#### Source information ####
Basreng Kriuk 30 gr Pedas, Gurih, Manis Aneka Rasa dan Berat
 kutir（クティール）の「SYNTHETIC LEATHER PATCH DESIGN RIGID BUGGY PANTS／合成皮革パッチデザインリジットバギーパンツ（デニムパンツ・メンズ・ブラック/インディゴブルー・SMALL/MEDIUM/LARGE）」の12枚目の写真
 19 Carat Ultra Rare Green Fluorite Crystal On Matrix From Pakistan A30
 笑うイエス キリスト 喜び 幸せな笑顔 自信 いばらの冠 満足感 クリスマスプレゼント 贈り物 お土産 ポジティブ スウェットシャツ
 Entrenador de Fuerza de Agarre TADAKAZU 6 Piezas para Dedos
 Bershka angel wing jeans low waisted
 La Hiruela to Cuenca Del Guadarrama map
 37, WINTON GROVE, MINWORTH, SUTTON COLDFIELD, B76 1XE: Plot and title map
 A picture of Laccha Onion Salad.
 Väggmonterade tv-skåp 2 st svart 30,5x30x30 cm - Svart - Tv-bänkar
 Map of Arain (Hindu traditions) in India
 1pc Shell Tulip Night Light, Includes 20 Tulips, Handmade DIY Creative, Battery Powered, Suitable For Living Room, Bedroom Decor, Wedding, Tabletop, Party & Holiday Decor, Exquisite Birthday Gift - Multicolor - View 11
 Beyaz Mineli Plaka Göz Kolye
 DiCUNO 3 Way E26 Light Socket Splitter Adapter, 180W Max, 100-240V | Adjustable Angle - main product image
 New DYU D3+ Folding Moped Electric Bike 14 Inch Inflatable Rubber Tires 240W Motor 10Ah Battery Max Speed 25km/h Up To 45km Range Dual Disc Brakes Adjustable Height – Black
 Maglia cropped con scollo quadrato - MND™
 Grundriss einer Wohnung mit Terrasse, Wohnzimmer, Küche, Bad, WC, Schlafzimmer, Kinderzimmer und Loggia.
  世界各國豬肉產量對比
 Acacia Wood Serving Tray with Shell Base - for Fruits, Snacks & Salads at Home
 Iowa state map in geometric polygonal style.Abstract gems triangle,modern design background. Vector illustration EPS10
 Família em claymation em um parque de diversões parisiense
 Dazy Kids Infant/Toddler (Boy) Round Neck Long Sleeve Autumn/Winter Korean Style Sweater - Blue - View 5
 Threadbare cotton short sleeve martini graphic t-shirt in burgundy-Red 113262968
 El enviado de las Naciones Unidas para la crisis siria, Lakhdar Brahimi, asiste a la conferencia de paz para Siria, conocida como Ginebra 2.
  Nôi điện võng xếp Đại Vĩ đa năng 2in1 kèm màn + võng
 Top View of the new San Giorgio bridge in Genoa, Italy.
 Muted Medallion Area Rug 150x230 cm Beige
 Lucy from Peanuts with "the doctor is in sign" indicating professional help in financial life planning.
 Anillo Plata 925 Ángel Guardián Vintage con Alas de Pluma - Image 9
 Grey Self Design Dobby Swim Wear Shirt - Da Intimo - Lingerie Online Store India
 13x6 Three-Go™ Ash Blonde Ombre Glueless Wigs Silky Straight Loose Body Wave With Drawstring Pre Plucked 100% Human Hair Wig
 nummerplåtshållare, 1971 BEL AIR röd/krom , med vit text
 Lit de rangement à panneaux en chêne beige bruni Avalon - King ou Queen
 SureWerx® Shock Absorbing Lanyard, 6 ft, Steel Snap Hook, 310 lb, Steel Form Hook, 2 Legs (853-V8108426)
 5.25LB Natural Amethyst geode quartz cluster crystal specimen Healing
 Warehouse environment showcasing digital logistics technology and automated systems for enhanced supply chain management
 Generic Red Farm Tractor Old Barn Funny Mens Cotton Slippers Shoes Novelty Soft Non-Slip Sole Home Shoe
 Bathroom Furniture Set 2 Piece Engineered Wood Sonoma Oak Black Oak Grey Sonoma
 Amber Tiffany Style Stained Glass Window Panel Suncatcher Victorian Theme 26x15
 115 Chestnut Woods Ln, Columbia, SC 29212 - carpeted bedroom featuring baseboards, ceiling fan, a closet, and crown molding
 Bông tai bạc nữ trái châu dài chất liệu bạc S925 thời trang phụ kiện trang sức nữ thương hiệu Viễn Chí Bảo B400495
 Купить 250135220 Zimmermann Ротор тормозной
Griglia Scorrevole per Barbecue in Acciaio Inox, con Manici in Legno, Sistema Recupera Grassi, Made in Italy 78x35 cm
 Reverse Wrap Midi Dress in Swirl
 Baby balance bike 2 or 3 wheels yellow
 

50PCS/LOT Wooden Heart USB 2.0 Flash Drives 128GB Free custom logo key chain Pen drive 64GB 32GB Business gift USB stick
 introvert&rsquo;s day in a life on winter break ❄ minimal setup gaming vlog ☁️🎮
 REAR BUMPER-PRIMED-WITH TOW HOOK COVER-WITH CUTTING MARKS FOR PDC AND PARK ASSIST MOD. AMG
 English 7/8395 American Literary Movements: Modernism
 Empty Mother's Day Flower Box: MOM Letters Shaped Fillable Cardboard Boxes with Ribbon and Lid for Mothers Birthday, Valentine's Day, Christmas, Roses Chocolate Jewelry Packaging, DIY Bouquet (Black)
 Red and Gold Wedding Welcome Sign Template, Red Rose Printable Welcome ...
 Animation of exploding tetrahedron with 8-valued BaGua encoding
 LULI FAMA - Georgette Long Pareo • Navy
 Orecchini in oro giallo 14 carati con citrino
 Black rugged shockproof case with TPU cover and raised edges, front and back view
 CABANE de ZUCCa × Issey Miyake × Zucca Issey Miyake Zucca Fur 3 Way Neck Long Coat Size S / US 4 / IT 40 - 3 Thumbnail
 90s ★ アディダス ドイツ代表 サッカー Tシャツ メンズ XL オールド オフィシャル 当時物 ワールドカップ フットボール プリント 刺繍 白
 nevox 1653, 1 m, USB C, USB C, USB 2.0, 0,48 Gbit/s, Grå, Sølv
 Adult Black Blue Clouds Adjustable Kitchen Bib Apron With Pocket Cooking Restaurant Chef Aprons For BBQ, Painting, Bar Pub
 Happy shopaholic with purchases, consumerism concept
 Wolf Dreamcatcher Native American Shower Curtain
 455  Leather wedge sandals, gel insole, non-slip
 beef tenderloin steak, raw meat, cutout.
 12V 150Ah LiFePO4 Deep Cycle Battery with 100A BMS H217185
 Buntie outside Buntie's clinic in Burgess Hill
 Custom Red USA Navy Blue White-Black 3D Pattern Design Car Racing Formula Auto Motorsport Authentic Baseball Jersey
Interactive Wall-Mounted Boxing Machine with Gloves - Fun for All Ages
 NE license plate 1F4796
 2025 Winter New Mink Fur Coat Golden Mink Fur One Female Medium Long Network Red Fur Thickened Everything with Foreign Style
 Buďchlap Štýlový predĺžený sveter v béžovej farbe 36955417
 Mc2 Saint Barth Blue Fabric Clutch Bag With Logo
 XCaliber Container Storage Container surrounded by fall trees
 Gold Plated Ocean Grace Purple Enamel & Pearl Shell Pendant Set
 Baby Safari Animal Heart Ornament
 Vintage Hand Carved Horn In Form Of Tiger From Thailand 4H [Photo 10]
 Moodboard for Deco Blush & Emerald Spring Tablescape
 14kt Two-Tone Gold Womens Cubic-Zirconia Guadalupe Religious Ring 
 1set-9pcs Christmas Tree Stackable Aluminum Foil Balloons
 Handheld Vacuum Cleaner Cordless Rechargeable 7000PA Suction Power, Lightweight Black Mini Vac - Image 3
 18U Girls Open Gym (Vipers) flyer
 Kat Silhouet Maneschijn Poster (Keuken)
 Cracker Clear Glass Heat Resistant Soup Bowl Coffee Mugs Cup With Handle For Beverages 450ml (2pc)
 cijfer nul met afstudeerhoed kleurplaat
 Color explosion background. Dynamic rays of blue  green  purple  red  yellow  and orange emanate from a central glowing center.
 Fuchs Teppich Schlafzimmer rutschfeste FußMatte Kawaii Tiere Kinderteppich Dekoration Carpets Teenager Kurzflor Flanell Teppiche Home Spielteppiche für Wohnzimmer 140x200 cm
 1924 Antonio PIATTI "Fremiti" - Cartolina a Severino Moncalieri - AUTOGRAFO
####
**Work order**
Word for word, restate the entries from the first line to the line that has "37, WINTON GROVE, MINWORTH, SUTTON", both included, and nothing else.

**Result**
Basreng Kriuk 30 gr Pedas, Gurih, Manis Aneka Rasa dan Berat
 kutir（クティール）の「SYNTHETIC LEATHER PATCH DESIGN RIGID BUGGY PANTS／合成皮革パッチデザインリジットバギーパンツ（デニムパンツ・メンズ・ブラック/インディゴブルー・SMALL/MEDIUM/LARGE）」の12枚目の写真
 19 Carat Ultra Rare Green Fluorite Crystal On Matrix From Pakistan A30
 笑うイエス キリスト 喜び 幸せな笑顔 自信 いばらの冠 満足感 クリスマスプレゼント 贈り物 お土産 ポジティブ スウェットシャツ
 Entrenador de Fuerza de Agarre TADAKAZU 6 Piezas para Dedos
 Bershka angel wing jeans low waisted
 La Hiruela to Cuenca Del Guadarrama map
 37, WINTON GROVE, MINWORTH, SUTTON COLDFIELD, B76 1XE: Plot and title map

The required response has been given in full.